WESX (1230 AM) is a radio station broadcasting a religious and multi-cultural format, licensed to broadcast in the Nahant, Massachusetts, precinct. The station is owned by Real Media Group, LLC.

Programming is in Spanish, Portuguese, Creole, and English. The transmitter is located in Lynn, Massachusetts, with studios located in Chelsea.

==History==
WESX made its debut on December 10, 1939, at 1200 kHz on the AM band, with studios in Salem, Massachusetts; the transmitter was in Marblehead. The station's original owner was Charles W. Phelan, who had been the director of sales for the Yankee Network in Boston from 1928 to early 1939. The station's first program manager also came from the Yankee Network— Van D. Sheldon, who had most recently been in charge of the Artists Bureau, where he auditioned and hired the bands that performed on the air. The programming and advertising on WESX targeted the cities and towns north of Boston, the area known as the North Shore. But by 1949, Phelan was in poor health; in early November, he sold the station to James D. Asher and Joseph H. Tobin, who also owned radio station WJDA in Quincy.
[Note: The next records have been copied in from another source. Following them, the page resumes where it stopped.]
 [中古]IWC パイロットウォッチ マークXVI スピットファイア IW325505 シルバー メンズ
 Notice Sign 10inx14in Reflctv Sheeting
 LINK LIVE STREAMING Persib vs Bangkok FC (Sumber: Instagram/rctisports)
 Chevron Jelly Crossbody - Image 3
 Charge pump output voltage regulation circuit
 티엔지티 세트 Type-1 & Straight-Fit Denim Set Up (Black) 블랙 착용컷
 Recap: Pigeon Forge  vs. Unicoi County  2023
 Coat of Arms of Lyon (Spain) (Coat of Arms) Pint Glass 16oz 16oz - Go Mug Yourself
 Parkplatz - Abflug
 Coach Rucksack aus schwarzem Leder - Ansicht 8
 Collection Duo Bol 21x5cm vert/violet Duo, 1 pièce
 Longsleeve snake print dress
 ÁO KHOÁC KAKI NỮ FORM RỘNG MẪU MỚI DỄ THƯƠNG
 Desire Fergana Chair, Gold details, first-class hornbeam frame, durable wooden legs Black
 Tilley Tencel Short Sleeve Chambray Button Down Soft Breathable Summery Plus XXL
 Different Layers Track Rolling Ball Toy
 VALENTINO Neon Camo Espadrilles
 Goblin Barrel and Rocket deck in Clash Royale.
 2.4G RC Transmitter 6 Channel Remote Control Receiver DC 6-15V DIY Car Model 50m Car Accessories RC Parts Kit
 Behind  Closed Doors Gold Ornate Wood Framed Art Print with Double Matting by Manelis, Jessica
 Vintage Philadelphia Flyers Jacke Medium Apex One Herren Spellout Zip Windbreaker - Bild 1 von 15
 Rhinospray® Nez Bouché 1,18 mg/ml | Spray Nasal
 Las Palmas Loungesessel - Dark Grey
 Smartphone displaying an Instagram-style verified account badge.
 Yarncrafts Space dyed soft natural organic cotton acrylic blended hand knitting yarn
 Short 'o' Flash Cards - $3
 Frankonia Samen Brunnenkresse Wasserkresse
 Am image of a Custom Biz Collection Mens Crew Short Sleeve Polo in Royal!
After James D. Asher died in 1973, his son Jay ran the stations until May 2006, at which time they were sold to Otto Miller, who changed both stations from their full-service (news, talk, local sports, music) format to a Spanish-language format. In 2017, the Principle Broadcasting Network sold its stations — WESX, WJDA, and WLIE in Islip, New York — to Universal Stations for $2.3 million; Universal's principals were also associated with Principle. Universal Stations sold WESX and WJDA to Real Media Group effective August 9, 2018.

==BBC Up All Night==
In 2004, BBC News presenter Rhod Sharp moved to Marblehead, Massachusetts. Wishing to continue to broadcast the BBC Radio 5 Live show Up All Night, he made an arrangement with WESX's owners to use the studios and ISDN line to connect him with Broadcasting House in London, England. The arrangement came to an end in 2007, when Sharp and his wife moved to an 18th-century house in Marblehead's Old Town section, which included a suitably equipped home-studio.